Writing down an explicit homotopy

[Mikaelochi]

TL;DR

I've never written down an explicit homotopy before which is part of the reason I'm so lost on this problem.

I understand that a homotopy is a continuous deformation. The only thing I really remember is something in my notes like this: F(s, 0) = a(s) for 0≤s≤1 and F(s, 1) = a * Id(s). Basically I have to construct some sort of piece-wise function such that I go something like two loops half of the time and stay in place at one point the other half of the time. Anyway, any help is greatly appreciated.

 

[lavinia]

Summary:: I've never written down an explicit homotopy before which is part of the reason I'm so lost on this problem.

View attachment 294278
I understand that a homotopy is a continuous deformation. The only thing I really remember is something in my notes like this: F(s, 0) = a(s) for 0≤s≤1 and F(s, 1) = a * Id(s). Basically I have to construct some sort of piece-wise function such that I go something like two loops half of the time and stay in place at one point the other half of the time. Anyway, any help is greatly appreciated.

I suspect that if you review the definition of multiplication of loops a homotopy will become obvious.

To be entirely rigorous you might like to prove that your homotopy is continuous.

 

[Mikaelochi]

I suspect that if you review the definition of multiplication of loops a homotopy will become obvious.

To be entirely rigorous you might like to prove that your homotopy is continuous.

Do you know a good source on that?

 

[fresh_42]

Do you know a good source on that?

You could start with the Wikipedia page which provides the basics:
https://en.wikipedia.org/wiki/Fundamental_group

 

[lavinia]

@Mikaelochi

It seems that these exercises are designed to get one used to the idea that homotopy classes of loops form a group. For this one needs a loop multiplication that is homotopy invariant. That is: a.b is homotopic to c.d whenever a is homotopic to c and b is homotopic to d. One thinks of a homotopy as a one parameter family of loops that continuously deforms one loop into the other.

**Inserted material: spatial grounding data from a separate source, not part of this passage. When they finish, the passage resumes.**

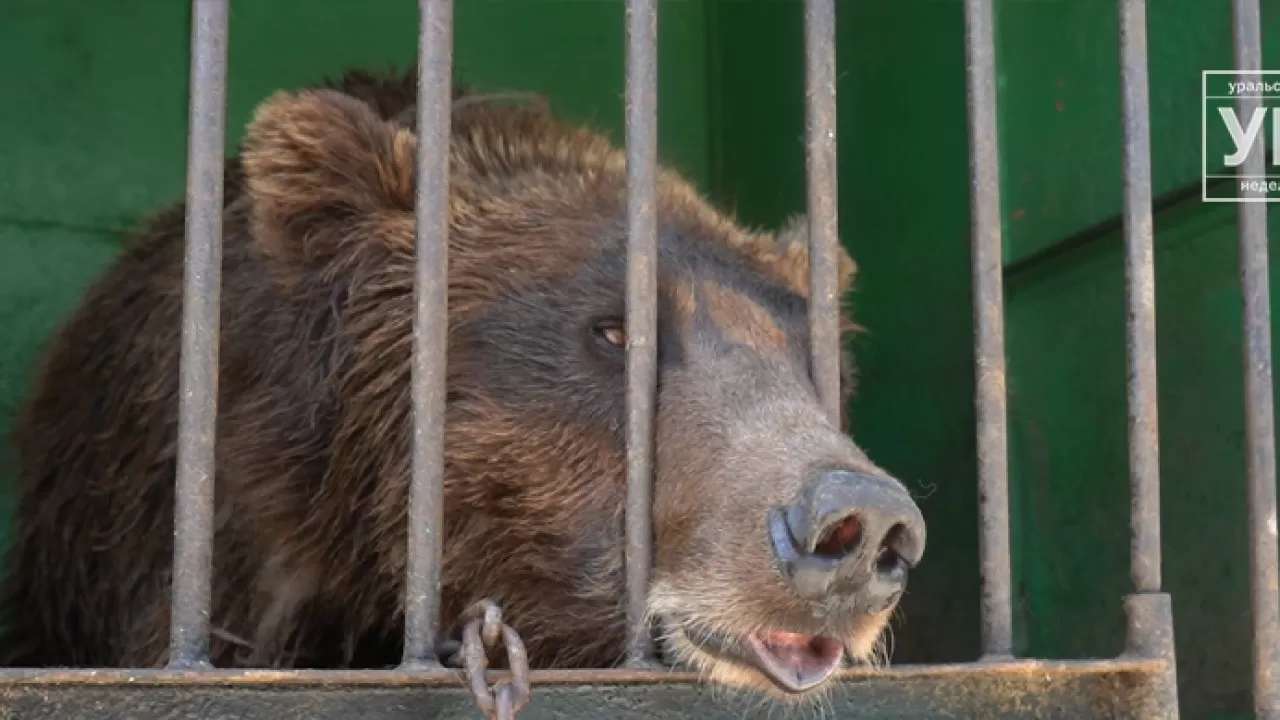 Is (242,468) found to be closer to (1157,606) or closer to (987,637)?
(987,637)

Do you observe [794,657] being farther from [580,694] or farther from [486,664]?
[486,664]

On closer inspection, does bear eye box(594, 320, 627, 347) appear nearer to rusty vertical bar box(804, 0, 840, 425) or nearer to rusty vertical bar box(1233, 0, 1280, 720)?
rusty vertical bar box(804, 0, 840, 425)

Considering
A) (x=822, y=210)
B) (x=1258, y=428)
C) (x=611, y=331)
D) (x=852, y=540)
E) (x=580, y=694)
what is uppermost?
(x=822, y=210)

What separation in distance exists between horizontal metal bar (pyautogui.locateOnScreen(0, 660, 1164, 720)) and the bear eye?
1002 millimetres

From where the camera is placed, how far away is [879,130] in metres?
6.08

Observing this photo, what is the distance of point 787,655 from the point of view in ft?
9.00

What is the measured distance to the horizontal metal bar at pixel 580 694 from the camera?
238cm

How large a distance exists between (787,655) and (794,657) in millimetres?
14

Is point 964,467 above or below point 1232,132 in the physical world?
below

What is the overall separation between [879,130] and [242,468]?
3307 mm

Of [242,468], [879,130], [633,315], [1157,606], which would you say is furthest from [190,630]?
[879,130]

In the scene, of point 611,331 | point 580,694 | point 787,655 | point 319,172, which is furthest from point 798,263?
point 580,694

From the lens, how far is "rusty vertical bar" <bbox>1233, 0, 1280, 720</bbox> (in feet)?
10.3

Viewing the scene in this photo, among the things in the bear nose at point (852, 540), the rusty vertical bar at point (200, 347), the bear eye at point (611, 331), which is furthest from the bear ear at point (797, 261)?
the rusty vertical bar at point (200, 347)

Your problem was one of the steps in showing that multiplication forms a group. It shows that multiplication on the right by the constant loop is a right identity.

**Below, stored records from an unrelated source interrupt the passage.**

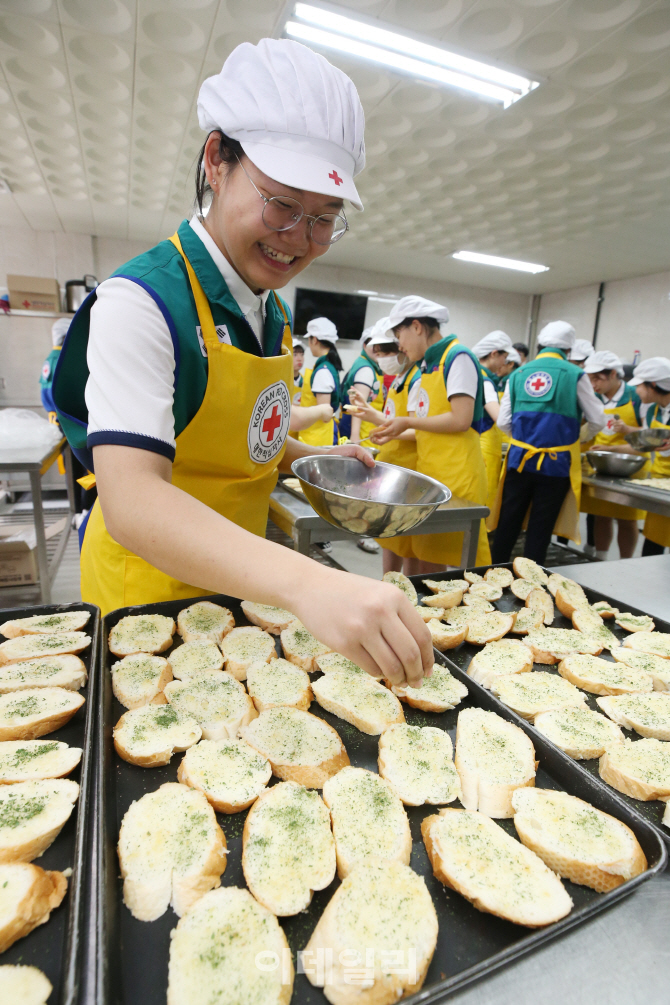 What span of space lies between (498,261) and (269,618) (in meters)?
9.46

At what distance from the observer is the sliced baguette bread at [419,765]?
94 cm

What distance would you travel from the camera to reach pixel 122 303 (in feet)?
3.40

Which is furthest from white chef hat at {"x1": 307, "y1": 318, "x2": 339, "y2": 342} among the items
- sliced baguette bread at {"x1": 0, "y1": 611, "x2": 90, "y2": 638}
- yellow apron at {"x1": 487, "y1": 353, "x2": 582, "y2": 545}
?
sliced baguette bread at {"x1": 0, "y1": 611, "x2": 90, "y2": 638}

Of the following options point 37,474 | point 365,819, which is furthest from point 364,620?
point 37,474

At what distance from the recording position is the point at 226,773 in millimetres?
942

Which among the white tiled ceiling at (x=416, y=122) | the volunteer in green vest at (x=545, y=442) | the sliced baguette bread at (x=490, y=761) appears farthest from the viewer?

You also need to show that the constant loop is a left identity and then prove the existence of inverses and the associative law of multiplication. These are all good exercises.

At each base point one gets a different group and one might ask how these groups are related. In mathematics one can compare groups using group homomorphisms. The groups are considered to be in some sense the same if a homomorphism from one to the other has an inverse. This is true for different base points and your exercise on the two base points on the circle is asking you to define an isomorphism.

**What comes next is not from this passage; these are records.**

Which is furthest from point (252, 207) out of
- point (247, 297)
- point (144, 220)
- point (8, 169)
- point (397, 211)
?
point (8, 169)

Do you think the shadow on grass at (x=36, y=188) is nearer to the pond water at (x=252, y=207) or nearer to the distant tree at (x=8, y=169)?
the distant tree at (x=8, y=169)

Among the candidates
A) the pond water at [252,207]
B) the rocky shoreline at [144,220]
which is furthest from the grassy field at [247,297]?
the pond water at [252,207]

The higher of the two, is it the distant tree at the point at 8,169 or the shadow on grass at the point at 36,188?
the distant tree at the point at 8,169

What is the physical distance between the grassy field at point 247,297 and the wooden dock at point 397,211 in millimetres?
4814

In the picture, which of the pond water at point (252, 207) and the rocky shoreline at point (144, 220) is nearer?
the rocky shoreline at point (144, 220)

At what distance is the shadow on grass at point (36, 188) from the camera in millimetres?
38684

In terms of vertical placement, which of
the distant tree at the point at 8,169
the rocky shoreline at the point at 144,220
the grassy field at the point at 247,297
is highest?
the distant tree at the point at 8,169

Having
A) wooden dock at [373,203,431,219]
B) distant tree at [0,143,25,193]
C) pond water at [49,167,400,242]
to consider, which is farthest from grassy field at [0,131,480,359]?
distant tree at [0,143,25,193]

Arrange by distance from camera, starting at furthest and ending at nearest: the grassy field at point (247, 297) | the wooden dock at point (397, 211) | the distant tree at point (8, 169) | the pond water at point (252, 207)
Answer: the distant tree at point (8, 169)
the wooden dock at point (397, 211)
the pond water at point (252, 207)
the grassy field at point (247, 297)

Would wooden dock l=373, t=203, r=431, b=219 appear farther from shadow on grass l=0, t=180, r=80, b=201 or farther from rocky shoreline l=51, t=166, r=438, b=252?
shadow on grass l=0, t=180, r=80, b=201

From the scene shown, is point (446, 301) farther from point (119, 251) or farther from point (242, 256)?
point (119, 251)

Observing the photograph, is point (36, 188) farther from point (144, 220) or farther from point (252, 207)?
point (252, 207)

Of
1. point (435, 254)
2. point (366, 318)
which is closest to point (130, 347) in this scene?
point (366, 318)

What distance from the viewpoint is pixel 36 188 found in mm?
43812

To get started note that if α is a path connecting the base points p and q and λ is a loop at q then then α followed by λ followed by α in reverse is a loop at p.

BTW: Convince yourself that loop multiplication without homotopies is not a group.

Technicalities:

- By convention loops are defined on the unit interval. So following one loop by another does not give a loop unless it is reparameterized.

- Loops are restricted in your case to have a fixed base point. So a homotopy through loops must keep the base point fixed.